### WORK TO BE COMPLETED
Line by line, repeat the material below without any deviation.
════
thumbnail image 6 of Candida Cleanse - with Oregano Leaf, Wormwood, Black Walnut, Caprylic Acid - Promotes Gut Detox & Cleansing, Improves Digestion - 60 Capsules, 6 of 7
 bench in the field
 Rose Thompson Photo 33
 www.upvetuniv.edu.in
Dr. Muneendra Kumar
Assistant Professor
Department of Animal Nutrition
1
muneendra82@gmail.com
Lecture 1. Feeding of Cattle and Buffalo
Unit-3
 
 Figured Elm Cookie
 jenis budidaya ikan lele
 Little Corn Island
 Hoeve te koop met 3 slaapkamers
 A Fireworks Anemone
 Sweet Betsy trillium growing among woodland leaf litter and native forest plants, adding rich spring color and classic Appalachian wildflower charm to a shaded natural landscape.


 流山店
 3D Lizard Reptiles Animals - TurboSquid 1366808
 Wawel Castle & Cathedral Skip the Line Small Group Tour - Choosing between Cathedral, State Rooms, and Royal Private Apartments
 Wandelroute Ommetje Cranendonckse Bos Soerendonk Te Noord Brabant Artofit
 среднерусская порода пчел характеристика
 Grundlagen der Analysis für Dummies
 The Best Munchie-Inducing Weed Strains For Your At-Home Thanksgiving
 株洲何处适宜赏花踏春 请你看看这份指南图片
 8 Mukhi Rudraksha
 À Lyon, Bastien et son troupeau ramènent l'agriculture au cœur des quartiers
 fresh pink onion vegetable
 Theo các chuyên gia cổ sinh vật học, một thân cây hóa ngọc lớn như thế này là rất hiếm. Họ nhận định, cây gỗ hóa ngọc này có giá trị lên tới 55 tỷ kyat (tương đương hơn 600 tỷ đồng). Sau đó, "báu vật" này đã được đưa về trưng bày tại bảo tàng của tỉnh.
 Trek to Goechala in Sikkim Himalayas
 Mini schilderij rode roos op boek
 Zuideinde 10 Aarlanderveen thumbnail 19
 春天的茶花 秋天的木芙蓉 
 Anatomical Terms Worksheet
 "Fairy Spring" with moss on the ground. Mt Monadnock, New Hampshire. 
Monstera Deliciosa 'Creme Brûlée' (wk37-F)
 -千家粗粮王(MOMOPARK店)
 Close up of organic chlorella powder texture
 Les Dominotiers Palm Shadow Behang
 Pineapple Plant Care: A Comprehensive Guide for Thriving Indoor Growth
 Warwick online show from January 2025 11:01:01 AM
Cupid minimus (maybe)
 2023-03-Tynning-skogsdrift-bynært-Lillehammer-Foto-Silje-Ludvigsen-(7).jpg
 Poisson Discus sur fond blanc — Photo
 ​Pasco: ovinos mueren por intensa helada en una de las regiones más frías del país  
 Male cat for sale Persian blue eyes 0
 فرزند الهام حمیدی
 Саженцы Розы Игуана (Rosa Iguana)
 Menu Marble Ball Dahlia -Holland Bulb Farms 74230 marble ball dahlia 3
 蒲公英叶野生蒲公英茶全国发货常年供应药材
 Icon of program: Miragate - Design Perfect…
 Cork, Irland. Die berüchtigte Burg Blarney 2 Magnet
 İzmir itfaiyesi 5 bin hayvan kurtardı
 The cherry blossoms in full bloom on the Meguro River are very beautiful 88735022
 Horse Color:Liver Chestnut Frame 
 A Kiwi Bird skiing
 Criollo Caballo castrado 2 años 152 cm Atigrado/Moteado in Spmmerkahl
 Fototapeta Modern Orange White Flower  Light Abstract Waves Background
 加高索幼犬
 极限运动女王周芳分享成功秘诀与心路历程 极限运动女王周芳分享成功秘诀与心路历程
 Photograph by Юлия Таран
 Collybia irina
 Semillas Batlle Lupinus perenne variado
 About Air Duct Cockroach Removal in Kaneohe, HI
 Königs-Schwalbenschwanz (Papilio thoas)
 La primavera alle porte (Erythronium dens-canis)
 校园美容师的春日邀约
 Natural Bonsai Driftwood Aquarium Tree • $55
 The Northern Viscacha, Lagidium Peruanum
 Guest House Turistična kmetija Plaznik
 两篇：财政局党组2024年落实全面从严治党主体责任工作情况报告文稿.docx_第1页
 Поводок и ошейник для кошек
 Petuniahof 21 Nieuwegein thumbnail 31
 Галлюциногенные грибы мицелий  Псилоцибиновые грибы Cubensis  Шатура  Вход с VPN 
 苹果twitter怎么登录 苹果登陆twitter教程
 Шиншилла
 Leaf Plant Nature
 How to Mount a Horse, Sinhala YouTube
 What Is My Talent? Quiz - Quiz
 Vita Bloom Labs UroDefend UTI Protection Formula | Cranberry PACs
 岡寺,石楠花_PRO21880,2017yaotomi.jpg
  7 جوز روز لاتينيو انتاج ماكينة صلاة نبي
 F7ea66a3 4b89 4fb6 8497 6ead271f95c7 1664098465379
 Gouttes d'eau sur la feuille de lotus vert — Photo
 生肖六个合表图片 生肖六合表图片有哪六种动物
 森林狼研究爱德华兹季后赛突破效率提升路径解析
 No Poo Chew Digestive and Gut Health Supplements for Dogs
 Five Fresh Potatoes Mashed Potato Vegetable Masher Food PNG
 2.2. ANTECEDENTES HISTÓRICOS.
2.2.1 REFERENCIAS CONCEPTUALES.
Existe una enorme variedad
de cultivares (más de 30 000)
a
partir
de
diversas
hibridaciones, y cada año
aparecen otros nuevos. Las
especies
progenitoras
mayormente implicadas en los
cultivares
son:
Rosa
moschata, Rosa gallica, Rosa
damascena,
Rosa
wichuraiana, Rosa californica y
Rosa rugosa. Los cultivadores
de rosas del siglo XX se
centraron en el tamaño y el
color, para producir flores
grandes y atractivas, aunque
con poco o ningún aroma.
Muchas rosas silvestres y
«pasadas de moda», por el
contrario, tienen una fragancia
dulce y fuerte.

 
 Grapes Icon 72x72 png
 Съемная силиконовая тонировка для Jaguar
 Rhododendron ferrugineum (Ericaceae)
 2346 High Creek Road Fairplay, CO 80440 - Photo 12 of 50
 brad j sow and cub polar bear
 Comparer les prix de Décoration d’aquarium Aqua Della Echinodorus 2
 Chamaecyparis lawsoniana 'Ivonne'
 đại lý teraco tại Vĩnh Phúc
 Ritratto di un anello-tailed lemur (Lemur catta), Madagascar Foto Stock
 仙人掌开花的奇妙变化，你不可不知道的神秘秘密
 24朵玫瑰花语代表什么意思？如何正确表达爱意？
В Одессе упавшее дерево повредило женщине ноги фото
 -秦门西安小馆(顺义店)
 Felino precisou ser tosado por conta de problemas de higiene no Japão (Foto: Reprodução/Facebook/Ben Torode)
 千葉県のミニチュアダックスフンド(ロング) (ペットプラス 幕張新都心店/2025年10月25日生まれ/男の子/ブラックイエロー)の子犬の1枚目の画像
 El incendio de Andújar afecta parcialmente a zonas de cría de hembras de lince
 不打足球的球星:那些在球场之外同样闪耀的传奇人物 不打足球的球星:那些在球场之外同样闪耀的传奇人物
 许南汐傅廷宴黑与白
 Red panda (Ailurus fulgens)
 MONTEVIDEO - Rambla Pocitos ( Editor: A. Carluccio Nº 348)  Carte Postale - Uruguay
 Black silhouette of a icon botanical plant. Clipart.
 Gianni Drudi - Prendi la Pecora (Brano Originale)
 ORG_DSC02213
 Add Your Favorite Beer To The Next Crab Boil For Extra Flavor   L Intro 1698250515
════
### OUTPUT FOR THIS EXERCISE
thumbnail image 6 of Candida Cleanse - with Oregano Leaf, Wormwood, Black Walnut, Caprylic Acid - Promotes Gut Detox & Cleansing, Improves Digestion - 60 Capsules, 6 of 7
 bench in the field
 Rose Thompson Photo 33
 www.upvetuniv.edu.in
Dr. Muneendra Kumar
Assistant Professor
Department of Animal Nutrition
1
muneendra82@gmail.com
Lecture 1. Feeding of Cattle and Buffalo
Unit-3
 
 Figured Elm Cookie
 jenis budidaya ikan lele
 Little Corn Island
 Hoeve te koop met 3 slaapkamers
 A Fireworks Anemone
 Sweet Betsy trillium growing among woodland leaf litter and native forest plants, adding rich spring color and classic Appalachian wildflower charm to a shaded natural landscape.


 流山店
 3D Lizard Reptiles Animals - TurboSquid 1366808
 Wawel Castle & Cathedral Skip the Line Small Group Tour - Choosing between Cathedral, State Rooms, and Royal Private Apartments
 Wandelroute Ommetje Cranendonckse Bos Soerendonk Te Noord Brabant Artofit
 среднерусская порода пчел характеристика
 Grundlagen der Analysis für Dummies
 The Best Munchie-Inducing Weed Strains For Your At-Home Thanksgiving
 株洲何处适宜赏花踏春 请你看看这份指南图片
 8 Mukhi Rudraksha
 À Lyon, Bastien et son troupeau ramènent l'agriculture au cœur des quartiers
 fresh pink onion vegetable
 Theo các chuyên gia cổ sinh vật học, một thân cây hóa ngọc lớn như thế này là rất hiếm. Họ nhận định, cây gỗ hóa ngọc này có giá trị lên tới 55 tỷ kyat (tương đương hơn 600 tỷ đồng). Sau đó, "báu vật" này đã được đưa về trưng bày tại bảo tàng của tỉnh.
 Trek to Goechala in Sikkim Himalayas
 Mini schilderij rode roos op boek
 Zuideinde 10 Aarlanderveen thumbnail 19
 春天的茶花 秋天的木芙蓉 
 Anatomical Terms Worksheet
 "Fairy Spring" with moss on the ground. Mt Monadnock, New Hampshire. 
Monstera Deliciosa 'Creme Brûlée' (wk37-F)
 -千家粗粮王(MOMOPARK店)
 Close up of organic chlorella powder texture
 Les Dominotiers Palm Shadow Behang
 Pineapple Plant Care: A Comprehensive Guide for Thriving Indoor Growth
 Warwick online show from January 2025 11:01:01 AM
Cupid minimus (maybe)
 2023-03-Tynning-skogsdrift-bynært-Lillehammer-Foto-Silje-Ludvigsen-(7).jpg
 Poisson Discus sur fond blanc — Photo
 ​Pasco: ovinos mueren por intensa helada en una de las regiones más frías del país  
 Male cat for sale Persian blue eyes 0
 فرزند الهام حمیدی
 Саженцы Розы Игуана (Rosa Iguana)
 Menu Marble Ball Dahlia -Holland Bulb Farms 74230 marble ball dahlia 3
 蒲公英叶野生蒲公英茶全国发货常年供应药材
 Icon of program: Miragate - Design Perfect…
 Cork, Irland. Die berüchtigte Burg Blarney 2 Magnet
 İzmir itfaiyesi 5 bin hayvan kurtardı
 The cherry blossoms in full bloom on the Meguro River are very beautiful 88735022
 Horse Color:Liver Chestnut Frame 
 A Kiwi Bird skiing
 Criollo Caballo castrado 2 años 152 cm Atigrado/Moteado in Spmmerkahl
 Fototapeta Modern Orange White Flower  Light Abstract Waves Background
 加高索幼犬
 极限运动女王周芳分享成功秘诀与心路历程 极限运动女王周芳分享成功秘诀与心路历程
 Photograph by Юлия Таран
 Collybia irina
 Semillas Batlle Lupinus perenne variado
 About Air Duct Cockroach Removal in Kaneohe, HI
 Königs-Schwalbenschwanz (Papilio thoas)
 La primavera alle porte (Erythronium dens-canis)
 校园美容师的春日邀约
 Natural Bonsai Driftwood Aquarium Tree • $55
 The Northern Viscacha, Lagidium Peruanum
 Guest House Turistična kmetija Plaznik
 两篇：财政局党组2024年落实全面从严治党主体责任工作情况报告文稿.docx_第1页
 Поводок и ошейник для кошек
 Petuniahof 21 Nieuwegein thumbnail 31
 Галлюциногенные грибы мицелий  Псилоцибиновые грибы Cubensis  Шатура  Вход с VPN 
 苹果twitter怎么登录 苹果登陆twitter教程
 Шиншилла
 Leaf Plant Nature
 How to Mount a Horse, Sinhala YouTube
 What Is My Talent? Quiz - Quiz
 Vita Bloom Labs UroDefend UTI Protection Formula | Cranberry PACs
 岡寺,石楠花_PRO21880,2017yaotomi.jpg
  7 جوز روز لاتينيو انتاج ماكينة صلاة نبي
 F7ea66a3 4b89 4fb6 8497 6ead271f95c7 1664098465379
 Gouttes d'eau sur la feuille de lotus vert — Photo
 生肖六个合表图片 生肖六合表图片有哪六种动物
 森林狼研究爱德华兹季后赛突破效率提升路径解析
 No Poo Chew Digestive and Gut Health Supplements for Dogs
 Five Fresh Potatoes Mashed Potato Vegetable Masher Food PNG
 2.2. ANTECEDENTES HISTÓRICOS.
2.2.1 REFERENCIAS CONCEPTUALES.
Existe una enorme variedad
de cultivares (más de 30 000)
a
partir
de
diversas
hibridaciones, y cada año
aparecen otros nuevos. Las
especies
progenitoras
mayormente implicadas en los
cultivares
son:
Rosa
moschata, Rosa gallica, Rosa
damascena,
Rosa
wichuraiana, Rosa californica y
Rosa rugosa. Los cultivadores
de rosas del siglo XX se
centraron en el tamaño y el
color, para producir flores
grandes y atractivas, aunque
con poco o ningún aroma.
Muchas rosas silvestres y
«pasadas de moda», por el
contrario, tienen una fragancia
dulce y fuerte.

 
 Grapes Icon 72x72 png
 Съемная силиконовая тонировка для Jaguar
 Rhododendron ferrugineum (Ericaceae)
 2346 High Creek Road Fairplay, CO 80440 - Photo 12 of 50
 brad j sow and cub polar bear
 Comparer les prix de Décoration d’aquarium Aqua Della Echinodorus 2
 Chamaecyparis lawsoniana 'Ivonne'
 đại lý teraco tại Vĩnh Phúc
 Ritratto di un anello-tailed lemur (Lemur catta), Madagascar Foto Stock
 仙人掌开花的奇妙变化，你不可不知道的神秘秘密
 24朵玫瑰花语代表什么意思？如何正确表达爱意？
В Одессе упавшее дерево повредило женщине ноги фото
 -秦门西安小馆(顺义店)
 Felino precisou ser tosado por conta de problemas de higiene no Japão (Foto: Reprodução/Facebook/Ben Torode)
 千葉県のミニチュアダックスフンド(ロング) (ペットプラス 幕張新都心店/2025年10月25日生まれ/男の子/ブラックイエロー)の子犬の1枚目の画像
 El incendio de Andújar afecta parcialmente a zonas de cría de hembras de lince
 不打足球的球星:那些在球场之外同样闪耀的传奇人物 不打足球的球星:那些在球场之外同样闪耀的传奇人物
 许南汐傅廷宴黑与白
 Red panda (Ailurus fulgens)
 MONTEVIDEO - Rambla Pocitos ( Editor: A. Carluccio Nº 348)  Carte Postale - Uruguay
 Black silhouette of a icon botanical plant. Clipart.
 Gianni Drudi - Prendi la Pecora (Brano Originale)
 ORG_DSC02213
 Add Your Favorite Beer To The Next Crab Boil For Extra Flavor   L Intro 1698250515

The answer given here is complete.